10-Year-Old Rover Finds New Signs of Ancient Livability on Mars

Image: Mars rock

Fine-scale layering can be seen in this bedrock from the Whitewater Lake locality on Mars. The rock's characteristics suggest that it was formed in the presence of water. This false-color view was captured by the Opportunity rover's panoramic camera on Sept. 8, 2012 (Sol 3066). NASA / JPL-Caltech / Cornell / Science

Ten years after it landed on Mars, NASA's Opportunity rover has hit pay dirt again: This time, the rover's scientists are reporting new evidence that garden-variety life could have thrived on the Red Planet billions of years ago.

Not long after Opportunity bounced to the surface in 2004, the six-wheeled rover came across geological formations that were formed amid standing water, suggesting a sort of habitability on ancient Mars. But back then, the evidence indicated that the water was salty and highly acidic — making for an environment that would have been suitable only for the hardiest organisms on Earth.

Now scientists are fleshing out a scenario that's more in tune with what NASA's Curiosity rover, a more recent arrival, found at a different site thousands of miles away. That suggests that life-friendly conditions could have existed for hundreds of millions of years.

"The punch line here is that the oldest rocks Opportunity has examined were formed under very mild conditions — conditions that would have been a much better niche for life, and also much better for the preservation of organic materials that would have been produced," said Ray Arvidson, a planetary scientist at Washington University in St. Louis.

Arvidson is the lead author of a research paper on the results, published in Friday's issue of the journal Science. The findings come from Opportunity's study of Matijevic Hill, an area on the rim of 14-mile-wide Endeavour Crater.

Clues seen from orbitThe six-wheeled rover has been surveying the crater's rim for more than two years, but readings provided by an instrument on NASA's Mars Reconnaissance Orbiter pointed to a rocky patch on Matijevic Hill as a potentially new frontier. The orbiter's CRISM instrument picked up hints of iron smectite, a type of clay mineral that's typically formed in the presence of water.

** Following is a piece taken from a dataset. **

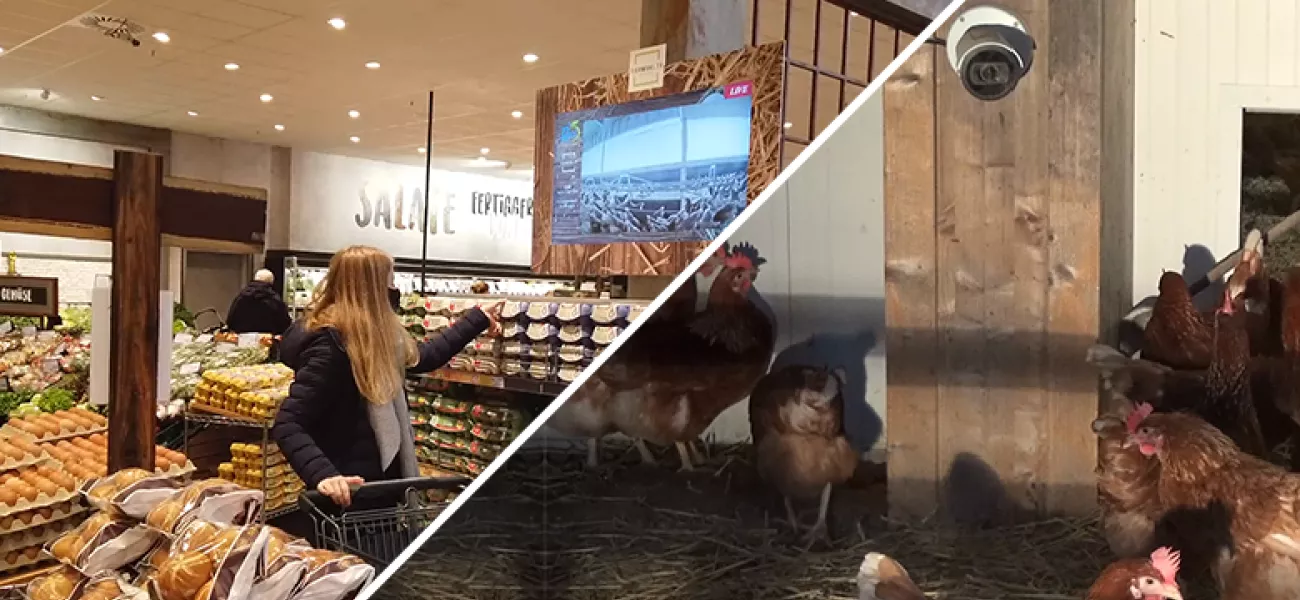 Netzwerk-Kamera im Einsatz am Bauernhof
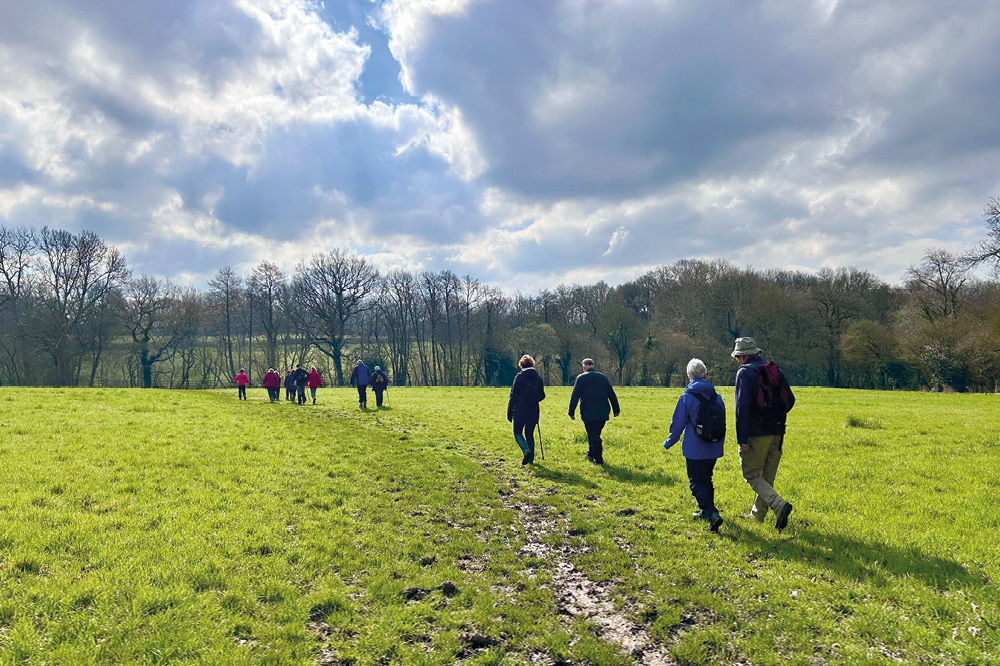 Horsham Park walkers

When Opportunity arrived on the scene, it ground into the rocks with its abrasion tool and analyzed their composition with its alpha particle X-ray spectrometer, or APXS. It also took a close look at berry-shaped spherules embedded in the rocks, plus fractures that were filled with calcium sulfate. All those lines of evidence pointed to a formation process that took place in the presence of neutral or mildly acidic water.

"The fractures had more water going through, and the conditions were mild," Arvidson told NBC News. "If I were back there in that period, and I wanted to make a well for my summer home, I would have driven it down into those fractures because it'd be drinkable water."

Image: Mars rock
The Opportunity rover's false-color close-up of layered rock in the Whitewater Lake locality shows embedded spherules. NASA / JPL-Caltech / Cornell / Science

Curiosity found signs of similarly mild conditions in Gale Crater, not far from where it landed in August 2012. The site that Curiosity explored is thought to have been a water-filled lake as recently as 3.6 billion years ago. The rocks examined by Opportunity are significantly older than that, and certainly older than Endurance Crater itself — perhaps 4 billion years old. That suggests that areas of Mars could have been habitable over a span of several hundred million years.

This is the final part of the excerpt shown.